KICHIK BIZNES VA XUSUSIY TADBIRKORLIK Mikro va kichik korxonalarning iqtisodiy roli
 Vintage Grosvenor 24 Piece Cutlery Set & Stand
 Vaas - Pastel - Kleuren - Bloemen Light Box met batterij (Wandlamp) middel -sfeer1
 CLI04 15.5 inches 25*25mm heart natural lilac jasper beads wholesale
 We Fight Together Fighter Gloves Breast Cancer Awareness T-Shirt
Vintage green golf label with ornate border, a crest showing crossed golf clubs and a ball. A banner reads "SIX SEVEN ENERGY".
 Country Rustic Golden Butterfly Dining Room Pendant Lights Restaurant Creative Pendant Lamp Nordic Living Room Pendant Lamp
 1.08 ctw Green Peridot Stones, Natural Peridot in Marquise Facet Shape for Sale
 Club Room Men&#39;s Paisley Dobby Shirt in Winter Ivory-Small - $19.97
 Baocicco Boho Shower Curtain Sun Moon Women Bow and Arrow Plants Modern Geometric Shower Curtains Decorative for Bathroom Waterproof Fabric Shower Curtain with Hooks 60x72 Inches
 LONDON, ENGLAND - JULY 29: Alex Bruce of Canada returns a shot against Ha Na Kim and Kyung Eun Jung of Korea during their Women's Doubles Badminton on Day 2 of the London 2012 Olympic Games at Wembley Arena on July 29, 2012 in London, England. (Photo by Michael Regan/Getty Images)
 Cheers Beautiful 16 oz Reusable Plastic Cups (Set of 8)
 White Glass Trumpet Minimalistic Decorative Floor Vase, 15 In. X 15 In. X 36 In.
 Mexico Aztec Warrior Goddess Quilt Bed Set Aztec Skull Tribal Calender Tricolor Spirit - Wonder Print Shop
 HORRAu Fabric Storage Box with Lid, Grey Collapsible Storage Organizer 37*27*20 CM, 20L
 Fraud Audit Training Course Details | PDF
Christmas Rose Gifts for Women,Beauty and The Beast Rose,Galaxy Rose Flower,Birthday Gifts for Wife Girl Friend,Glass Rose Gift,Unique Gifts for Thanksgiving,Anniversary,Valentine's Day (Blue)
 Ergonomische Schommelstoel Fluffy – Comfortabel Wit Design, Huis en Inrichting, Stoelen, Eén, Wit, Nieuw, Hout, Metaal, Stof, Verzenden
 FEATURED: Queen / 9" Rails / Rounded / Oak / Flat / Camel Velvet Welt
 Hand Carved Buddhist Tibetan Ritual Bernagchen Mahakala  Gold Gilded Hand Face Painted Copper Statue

**********

Your reply is to repeat, unchanged, the lines above running from the one with "LONDON, ENGLAND - JULY" up to and including the one with "Cheers Beautiful 16".

### FINISHED EXERCISE
 LONDON, ENGLAND - JULY 29: Alex Bruce of Canada returns a shot against Ha Na Kim and Kyung Eun Jung of Korea during their Women's Doubles Badminton on Day 2 of the London 2012 Olympic Games at Wembley Arena on July 29, 2012 in London, England. (Photo by Michael Regan/Getty Images)
 Cheers Beautiful 16 oz Reusable Plastic Cups (Set of 8)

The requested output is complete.